Unter dem Kunsthandwerk des Drechselns versteht man die Spanabnahme von einem rotierenden Werkstück durch Gegenhalten eines Werkzeuges. Dabei können Auftragsarbeiten aus unterschiedlichsten Materialien wie Horn, Holz, Bernstein oder Elfenbein mit unterschiedlichen Profilierungen entstehen.

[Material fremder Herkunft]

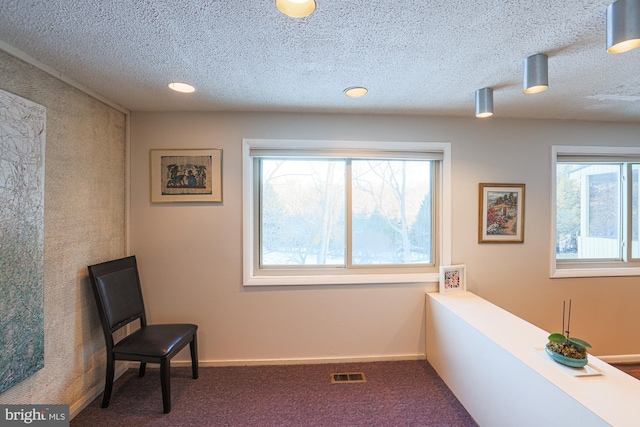 sitting room with a textured ceiling and carpet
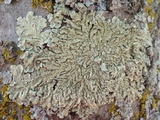Flavoparmelia soredians image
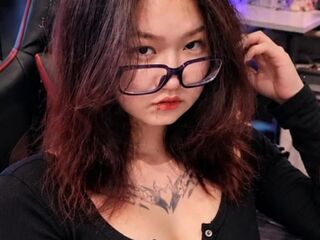 Tishaoyervides
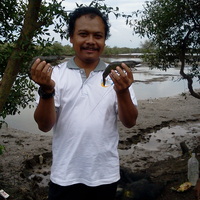 Achmad Room Fitrianto related author profile picture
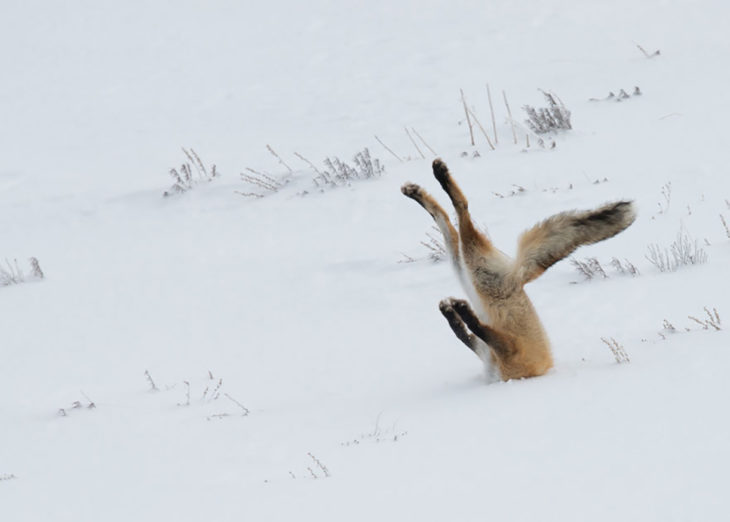 zorro enterado en la nieve 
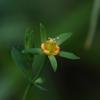 Hypericum japonicum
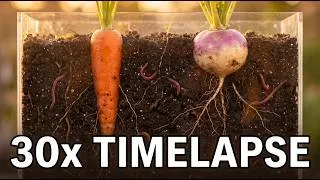 Thumbnail: 10 Hours of Plants & Worms Compressed - See the Magic Happen at 30x Speed!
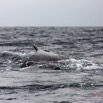 010 Baleines de Libreville le Dos 13E5K3IMG_93345wtmk.jpg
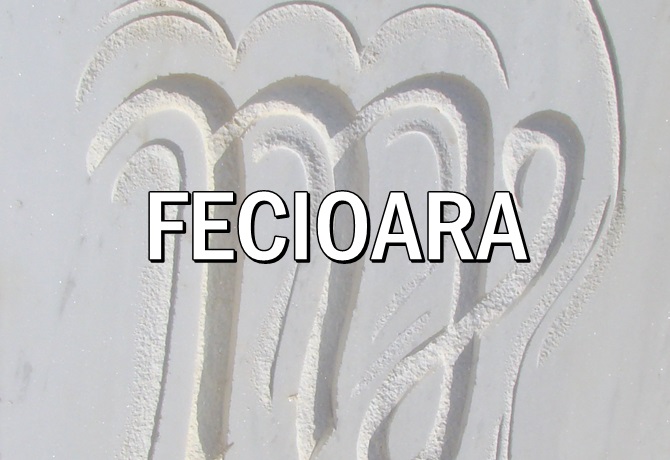 Intre 23 08 23 09 2019 Este Zodia Fecioarei Ce Efect Are Asupra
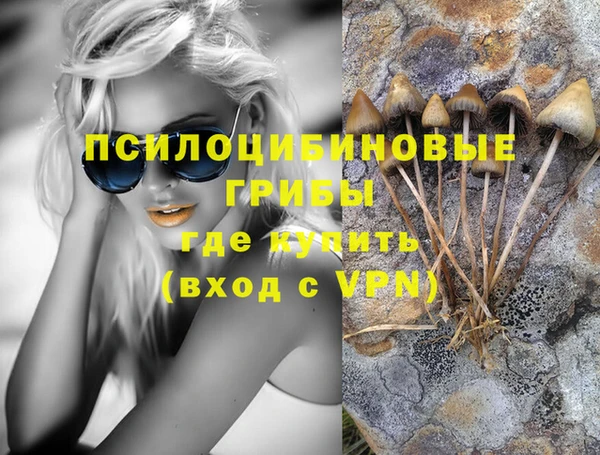 гидра Алексеевка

In der Geschichte des Hauptwerkzeuges des Drechslers steht die Fitzelbank an erster Stelle. Diese soll aus frühzeitlichen Feuer- oder Steinbohrern hervorgegangen sein. Dabei kann historisch nicht einwandfrei belegt werden, aus welcher Epoche dieses Werkzeug stammt. Es ist jedoch ziemlich sicher, dass sie in den Ländern des vorderen Orients entwickelt wurde.
Das Wirkprinzip der Fitzelbank ist einfach – eine um das beweglich gelagerte Werkstück geschlungene Schnur, die an beiden Enden um eine langen Stock befestigt wurde erzeugt durch hin- und herbewegen des Stabes zwangsläufig eine Drehbewegung, die aber im Wechsel gleich- und gegenläufig war. Bewundernswert ist die Geschicklichkeit des Drechslers, da eine Hand für die Erzeugung der Drehbewegung gebunden war und somit nur einhändig gedrechselt werden konnte.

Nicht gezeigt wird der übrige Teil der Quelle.